Directions :: Your answer is every line of the material below in which the string "presença" occurs.

****************

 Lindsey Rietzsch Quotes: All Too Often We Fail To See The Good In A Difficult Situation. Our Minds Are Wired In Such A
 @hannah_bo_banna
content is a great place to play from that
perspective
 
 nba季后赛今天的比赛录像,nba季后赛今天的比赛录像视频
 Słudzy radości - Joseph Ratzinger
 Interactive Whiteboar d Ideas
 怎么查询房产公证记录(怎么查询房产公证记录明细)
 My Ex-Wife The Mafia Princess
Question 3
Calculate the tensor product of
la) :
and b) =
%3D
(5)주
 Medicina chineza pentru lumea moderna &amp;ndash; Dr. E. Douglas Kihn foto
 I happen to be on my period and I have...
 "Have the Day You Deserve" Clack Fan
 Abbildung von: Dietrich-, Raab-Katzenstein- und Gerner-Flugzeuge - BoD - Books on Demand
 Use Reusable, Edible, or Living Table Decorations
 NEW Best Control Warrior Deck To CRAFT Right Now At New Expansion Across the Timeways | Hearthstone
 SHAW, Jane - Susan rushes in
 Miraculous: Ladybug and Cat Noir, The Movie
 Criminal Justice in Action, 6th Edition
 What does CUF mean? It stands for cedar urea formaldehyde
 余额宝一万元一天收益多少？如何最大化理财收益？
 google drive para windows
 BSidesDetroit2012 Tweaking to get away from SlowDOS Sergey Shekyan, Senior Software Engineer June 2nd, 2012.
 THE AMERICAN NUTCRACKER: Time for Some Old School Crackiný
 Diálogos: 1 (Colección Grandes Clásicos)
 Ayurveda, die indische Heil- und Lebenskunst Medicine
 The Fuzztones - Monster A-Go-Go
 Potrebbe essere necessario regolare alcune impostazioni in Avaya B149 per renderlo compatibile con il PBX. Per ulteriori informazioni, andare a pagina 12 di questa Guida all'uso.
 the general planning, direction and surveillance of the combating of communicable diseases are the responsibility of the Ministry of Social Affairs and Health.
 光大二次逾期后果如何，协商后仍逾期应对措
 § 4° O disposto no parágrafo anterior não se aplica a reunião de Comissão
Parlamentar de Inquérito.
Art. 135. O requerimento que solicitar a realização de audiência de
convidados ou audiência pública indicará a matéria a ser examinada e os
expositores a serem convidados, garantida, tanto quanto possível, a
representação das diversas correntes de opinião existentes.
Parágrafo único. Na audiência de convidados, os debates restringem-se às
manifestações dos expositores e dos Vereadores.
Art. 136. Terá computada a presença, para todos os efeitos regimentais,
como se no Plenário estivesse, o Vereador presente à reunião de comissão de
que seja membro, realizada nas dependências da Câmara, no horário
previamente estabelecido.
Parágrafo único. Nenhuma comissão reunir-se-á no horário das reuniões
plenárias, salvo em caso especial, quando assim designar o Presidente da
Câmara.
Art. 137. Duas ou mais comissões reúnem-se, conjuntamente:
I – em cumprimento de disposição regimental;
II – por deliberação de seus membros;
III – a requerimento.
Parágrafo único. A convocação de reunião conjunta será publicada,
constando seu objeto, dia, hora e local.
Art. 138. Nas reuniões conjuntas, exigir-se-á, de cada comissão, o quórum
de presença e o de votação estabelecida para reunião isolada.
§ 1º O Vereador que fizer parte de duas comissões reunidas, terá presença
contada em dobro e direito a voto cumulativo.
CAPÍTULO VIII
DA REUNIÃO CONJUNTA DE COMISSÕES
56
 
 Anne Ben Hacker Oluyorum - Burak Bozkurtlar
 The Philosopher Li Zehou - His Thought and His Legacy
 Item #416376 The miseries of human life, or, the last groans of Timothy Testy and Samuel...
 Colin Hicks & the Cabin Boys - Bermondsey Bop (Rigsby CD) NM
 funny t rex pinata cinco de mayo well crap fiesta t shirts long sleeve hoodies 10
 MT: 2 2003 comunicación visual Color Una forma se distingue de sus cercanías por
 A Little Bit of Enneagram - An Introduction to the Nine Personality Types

****************

Task result ::
Art. 136. Terá computada a presença, para todos os efeitos regimentais,
de presença e o de votação estabelecida para reunião isolada.
§ 1º O Vereador que fizer parte de duas comissões reunidas, terá presença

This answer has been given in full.